Normalizing wavefunction of (x^2)e^(-x^2)?

[lonewolf219]

Homework Statement

ψ(x,t)=Axe$^{-cx^2}$e$^{-iωt}$

Homework Equations

1=∫ψ*ψdx

The Attempt at a Solution

1=$\int$A$^{2}$x$^{2}$e$^{-2cx^2}$

I think I multiplied ψ*ψ correctly... I'm surprised a little that there is an x^2 with this problem. We have not discussed these integrals in class. I watched a video on how to integrate e$^{-x^2}$, but don't know what to do with the product x^2 and e^(-2cx^2)

 

[dextercioby]

Did you take statistical mechanics ? You learn about integrating gaussians there. If not, then at least a course in mathematical methods of physics should have explained you this.

Anyways, think I(c) = int_R exp(-cx²) dx. Compute it then differentiate the result wrt c. (c is a parameter).

 

[kostas230]

I'll give you a hint.
I presume you know that: $\int_{- \infty}^{+\infty} e^{-\lambda x^2}dx = \sqrt{\pi/ \lambda}$. Consider the function:
$$I(\lambda )=\int_{- \infty}^{+\infty}e^{-\lambda x^2}dx$$
Then:
$$\frac{d}{d\lambda }I(\lambda )=-\int_{- \infty}^{+\infty}x^2e^{-\lambda x^2}dx$$

 

[vela]

You could also integrate by parts.

 

[lonewolf219]

Thanks for the help, guys! Didn't take statistical mechanics, unfortunately...

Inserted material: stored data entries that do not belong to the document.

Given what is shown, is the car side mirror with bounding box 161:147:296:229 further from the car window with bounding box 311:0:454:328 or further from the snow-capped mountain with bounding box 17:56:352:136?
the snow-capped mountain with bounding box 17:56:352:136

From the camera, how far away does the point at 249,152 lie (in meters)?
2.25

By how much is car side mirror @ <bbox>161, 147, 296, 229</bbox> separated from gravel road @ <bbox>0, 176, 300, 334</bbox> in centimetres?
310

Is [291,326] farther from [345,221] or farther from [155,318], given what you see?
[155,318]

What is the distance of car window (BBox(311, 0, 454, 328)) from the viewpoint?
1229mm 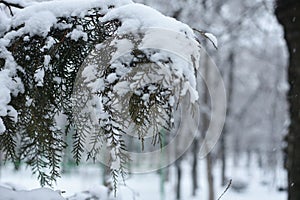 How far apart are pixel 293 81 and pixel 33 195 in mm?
1924

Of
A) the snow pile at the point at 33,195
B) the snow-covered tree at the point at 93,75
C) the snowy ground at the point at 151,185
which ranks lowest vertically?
the snowy ground at the point at 151,185

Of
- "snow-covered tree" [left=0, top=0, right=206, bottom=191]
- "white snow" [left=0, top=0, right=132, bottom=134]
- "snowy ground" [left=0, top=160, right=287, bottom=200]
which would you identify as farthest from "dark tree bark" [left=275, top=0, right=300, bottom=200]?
"snowy ground" [left=0, top=160, right=287, bottom=200]

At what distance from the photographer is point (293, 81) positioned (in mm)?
2617

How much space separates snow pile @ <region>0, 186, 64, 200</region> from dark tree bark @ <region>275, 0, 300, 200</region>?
1.58m

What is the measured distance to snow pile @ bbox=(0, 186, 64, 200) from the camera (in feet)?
4.18

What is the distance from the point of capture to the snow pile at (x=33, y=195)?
127cm

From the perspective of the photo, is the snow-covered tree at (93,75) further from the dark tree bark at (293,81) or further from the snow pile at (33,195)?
the dark tree bark at (293,81)

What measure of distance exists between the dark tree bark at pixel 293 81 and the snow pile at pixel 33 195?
158 centimetres

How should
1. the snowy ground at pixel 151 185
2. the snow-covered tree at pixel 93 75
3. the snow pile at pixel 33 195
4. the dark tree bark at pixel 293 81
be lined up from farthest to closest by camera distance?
the snowy ground at pixel 151 185 < the dark tree bark at pixel 293 81 < the snow pile at pixel 33 195 < the snow-covered tree at pixel 93 75

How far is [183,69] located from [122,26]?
0.73ft

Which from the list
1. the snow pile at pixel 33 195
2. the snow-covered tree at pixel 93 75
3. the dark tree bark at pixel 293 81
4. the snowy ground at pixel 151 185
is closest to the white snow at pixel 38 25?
the snow-covered tree at pixel 93 75

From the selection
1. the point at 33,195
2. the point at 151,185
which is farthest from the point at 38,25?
the point at 151,185

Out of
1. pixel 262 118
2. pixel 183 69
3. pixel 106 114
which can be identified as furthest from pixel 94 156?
pixel 262 118

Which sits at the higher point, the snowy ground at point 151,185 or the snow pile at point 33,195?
the snow pile at point 33,195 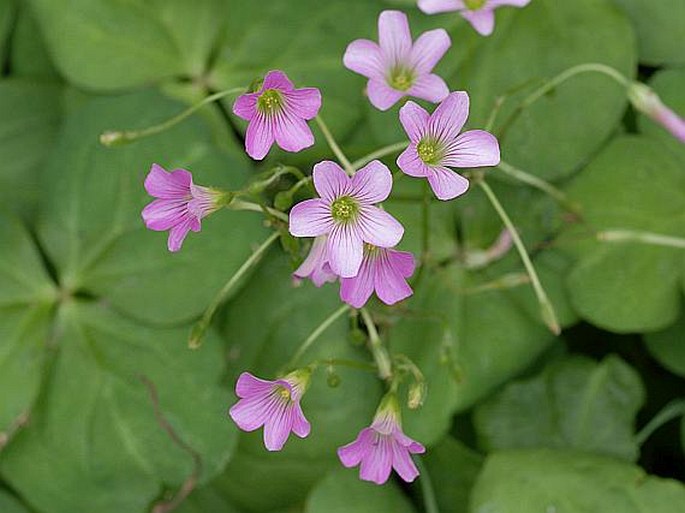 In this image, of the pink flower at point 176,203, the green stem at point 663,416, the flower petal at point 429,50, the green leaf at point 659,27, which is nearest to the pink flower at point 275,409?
the pink flower at point 176,203

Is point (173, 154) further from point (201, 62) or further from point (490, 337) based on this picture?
point (490, 337)

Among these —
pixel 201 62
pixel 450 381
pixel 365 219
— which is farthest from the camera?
pixel 201 62

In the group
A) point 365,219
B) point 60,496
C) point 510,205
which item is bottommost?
point 60,496

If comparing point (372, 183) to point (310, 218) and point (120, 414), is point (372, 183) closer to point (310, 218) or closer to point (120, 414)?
point (310, 218)

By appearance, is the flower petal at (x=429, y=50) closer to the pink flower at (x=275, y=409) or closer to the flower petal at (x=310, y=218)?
the flower petal at (x=310, y=218)

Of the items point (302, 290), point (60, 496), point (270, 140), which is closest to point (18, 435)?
point (60, 496)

Does this mean that the derivative of $\sqrt{\frac{\pi}{\lambda}}$ is my answer?

 

[Jolb]

vela is correct, but kostas230's trick is one of the most beautiful in mathematics and one of the most important in physics. The technique is referred to as using a "generating functional."

 

[kostas230]

I don't know if you ever had to evaluate the Gaussian integral, but here's an elegant way to do it. Consider the integral:

$$I= \int_{-\infty}^{+\infty}\int_{-\infty}^{+\infty} e^{-(x^2+y^2)}dxdy$$

By changing from cartesian coordinates to polar coordinates, the integral above becomes:
$$I= \int_{0}^{+\infty}\int_{0}^{2\pi}re^{-r^2}drd\theta$$

I trust that you are able to evaluate the integral. Can you find the gaussian integral $I'=\int_{-\infty}^{+\infty}e^{-x^2}dx$ using the above results? ;)

 

[lonewolf219]

Thanks kostas230, appreciate your help... The result should be in the form of a Hermite polynomial, is that correct? I think the derivative of re$^{-r^2}$ is

e$^{-r^2}$(1-2r$^{2}$)

Not quite sure what to do next

 

[kostas230]

No, I said: compute the integral, not find the derivative of the integrated function

 

[lonewolf219]

If you are asking me to find the integral of re$^{-r^2}$drd$\theta$ from 0$\leq$r$\leq$$\infty$ and 0$\leq\theta$$\leq$2$\pi$ I believe it is $\pi$. And then the integral with a coefficient λ in the power would be $\frac{\pi}{\lambda}$

 

[mfb]

That is right, and it allows you to find the value of the original Gaussian integral, if you find the relation between that and the formula kostas230 used.

 

[lonewolf219]

Thank you, mfb.

So is it that I$^{2}$= $\frac{\pi}{\lambda}$

So the derivative of $\frac{\pi}{\lambda}$ is -$\frac{\pi}{\lambda^2}$?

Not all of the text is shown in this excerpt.